Let’s be blunt.
In 2026, the price of a truly custom e-learning module—one that’s actually designed for your organization, not just recolored—most often falls between €10,000 and €80,000. Below that, around €5,000, you’re generally looking at a short, fairly simple format, with few interactions and limited customization. Above €100,000, you move into another league: complex simulation, many branches, heavy constraints, denser production, longer validation cycles.
And there’s a classic trap: trying to reduce the budget to a “price per minute.” It’s tempting because it’s simple. The problem is that it oversimplifies.
Because what drives the cost of a module isn’t only its duration. It’s mostly everything it includes: instructional design, level of interactivity, richness of feedback, media, language versions, accessibility, compliance requirements, LMS compatibility, tracking logic. A module can look very simple on screen and be, behind the scenes, very demanding to produce.
Price of a custom e-learning module in 2026: useful ranges
To compare quotes, you need benchmarks.
- Simple module: about €5,000 to €15,000
Clear content, clean structure, limited interactions, standard SCORM export. - Standard module: around €10,000 to €30,000
You move into real scenario design, with more interactive screens, feedback, and some media. - Advanced module: between €30,000 and €80,000
Branching, scoring, remediation, reinforced UAT, sometimes multiple languages. - Ambitious simulation or serious game: €80,000 and up
Non-linear learning path, rich structure, more nuanced narrative, heavier testing, often with strong business or regulatory requirements.

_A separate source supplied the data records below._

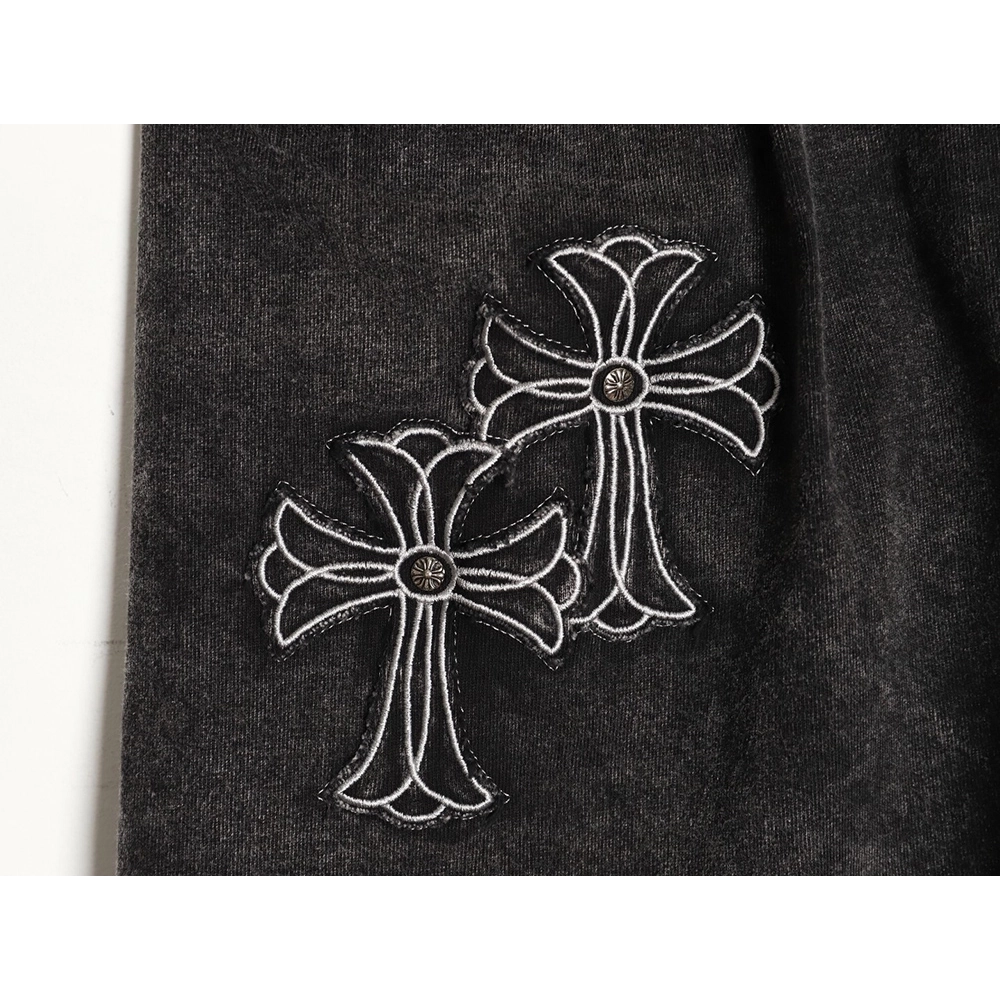 Chrome Hearts Patch Horseshoe Cross Embroidery Washed Shorts,Chrome Hearts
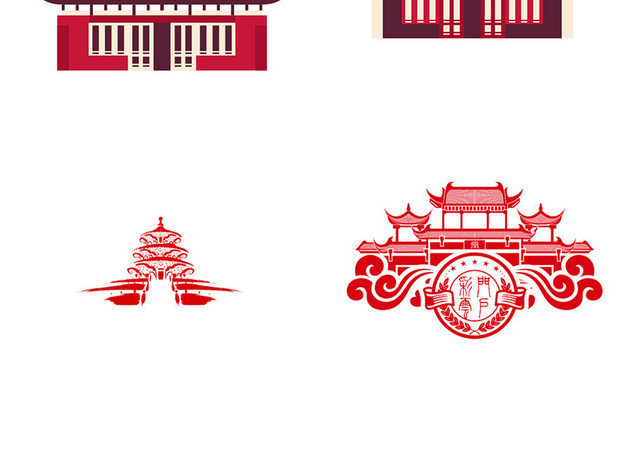 中国风建筑透明元素PSD素材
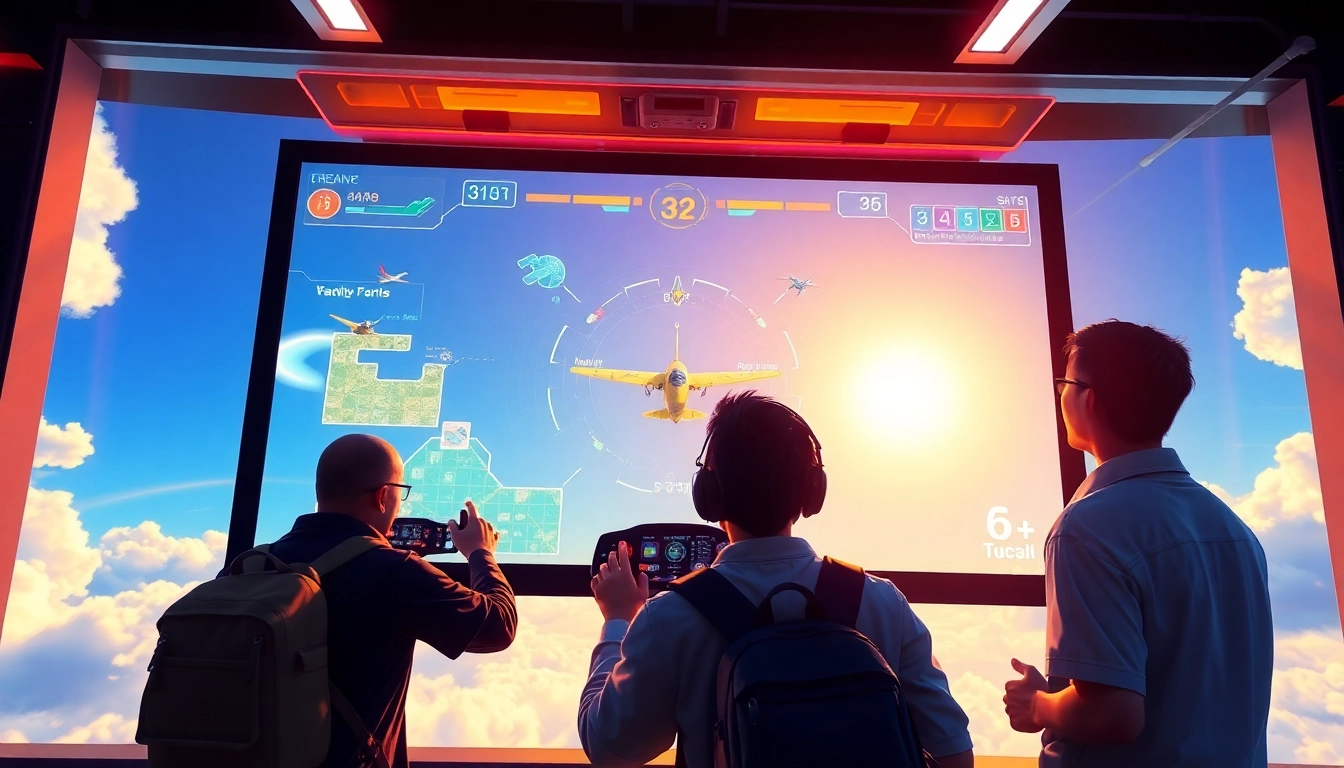 Players enjoying the aviator game online with immersive graphics and real-time controls in a vibrant, engaging environment.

What widens the gaps between these categories isn’t just design. The real difference comes from hidden complexity. As soon as the learning path offers multiple choices with different consequences, the workload increases fast: writing, integration, branch consistency, QA, and especially QA.
“Custom” doesn’t always mean the same thing
The term is everywhere. And it’s reassuring. But it doesn’t always cover the same reality.
In the strict sense, a custom module starts from your reality: your jobs, your tools, your procedures, your risks, your wording, your internal culture. The learner isn’t in a generic setting—they’re in a world that feels familiar.
In practice, many offers described as “custom” are closer to light personalization: logo, color palette, homepage, two or three tailored examples. It’s useful, but it’s not the same thing.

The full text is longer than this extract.